Born in Texas on Sept. 10, 1913, Carrie M. Thomas turned 100 years old on Tuesday, Sept. 10 in Harlem. On Thursday, Oct. 3, she passed peacefully and among friends at Harlem Hospital Center. A memorial service will take place at the Harlem Hospital Center auditorium on Saturday, Nov. 9 at noon. All who knew Thomas are invited to attend to celebrate her life.

At a young age, she married Richard Thomas, CPA, popular owner of a check-cashing establishment in Harlem. With this union came her entrenchment into the Harlem that we know today. Thomas always said that her life became interesting in 1944 when she began “ringing doorbells.” She loved going door to door to do surveys and to register her neighbors and the Harlem community to vote.

Thomas worked on civic and election campaigns at a time when Blacks were becoming politically active, including campaigns with Hulan Jack, the first Black borough president in New York City, coming from Harlem; Constance Baker Motley, the first female borough president; Fred Samuels, district leader and king maker; Dr. Arthur Logan, founder of a private Black hospital in Harlem; Molly Moon, philanthropic leader of the National Urban League; Adam Clayton Powell Jr., representative and minister of Abyssinian Baptist Church; and Lloyd Dickens, realtor and father of Council Member Inez Dickens. Thomas knew and worked with each of them. She was also credited with finding individuals both interested and qualified for new jobs that were opening up to Blacks in New York City.

Thomas spoke fondly of the many people who came to her house and sat around her dinner table to discuss politics and the state of Black America. She knew many we now recognize as belonging to the Harlem Renaissance and beyond, including Paul Robeson, Charles White, Aaron Douglass, Richard Wright, Clifford Alexander, Ronald H. Brown and A. Philip Randolph.

She worked for the New York City Parks Department as the first Black employee, working directly for Robert Moses in the Parks Arsenal on Fifth Avenue, where planning for all park expansions took place. The times were historical in both the expansion and controversy because the city took over many private places to create public spaces and highways. She retired from the job in 1975 after almost 40 years of service.
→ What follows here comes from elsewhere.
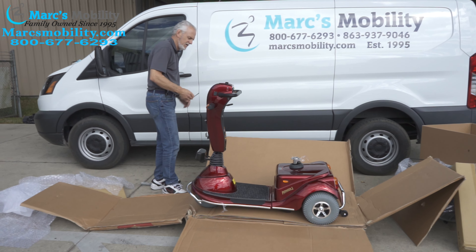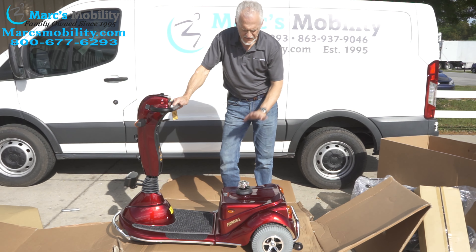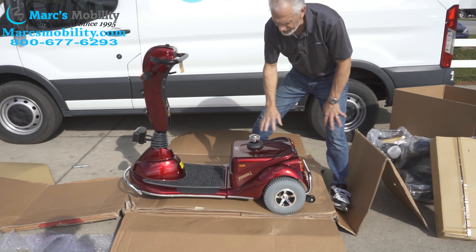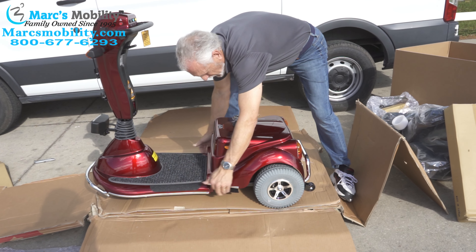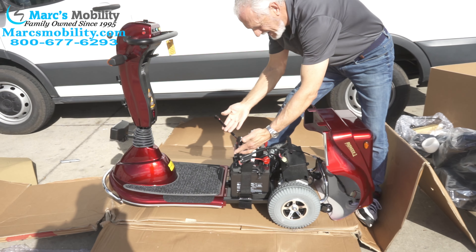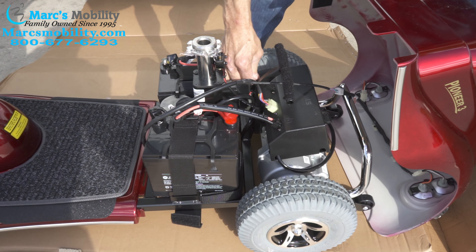I'm going to put the keys in the ignition — the ignition is on this side, right here. Turn the power on. If the power is not on with the key, that means you have to connect your batteries. This is why you don't want to put the seat on until you've got the key in. If there's no power, take your cover off — it's got really good Velcro. Pull the sides here in front, both sides, then pull it over the loop of the pole. Now if you look at your batteries, you can see they're not connected — you can see the two plugs. One plug goes right here, and the other plug goes on the opposite side. And now we have power.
Thomas was always a fierce advocate for Sydenham Hospital (now the Renaissance Health Care Network) and for Harlem Hospital Center. She was instrumental in the naming of the Ronald H. Brown Ambulatory Care Center at Harlem Hospital. She was instrumental in bringing the Tower Café first to Harlem and now throughout the New York City Health and Hospitals Corporation. She was an important advocate for “saving” the important Works Progress Administration murals housed at Harlem Hospital and for mural restoration. Thomas has been a constant figure of the Harlem Hospital Auxiliary for decades and was president from 1987-1990. She was also a member of the Renaissance Community Advisory Board for decades.

Thomas was a donor to Black charities and civic organizations, including Harlem Hospital Center, the Schomburg Center for Research, the New York Urban League, Harlem School for the Arts and the National Office of the NAACP.

She had an arsenal of loyal friends from all walks of life and gathered over 80 years of service to her beloved community of Harlem. She lived surrounded by the love and admiration of all who knew her and will be remembered for her love of Harlem, her civic advocacy, the clarity of her memories, her quick smile and easy laughter, and her love of life.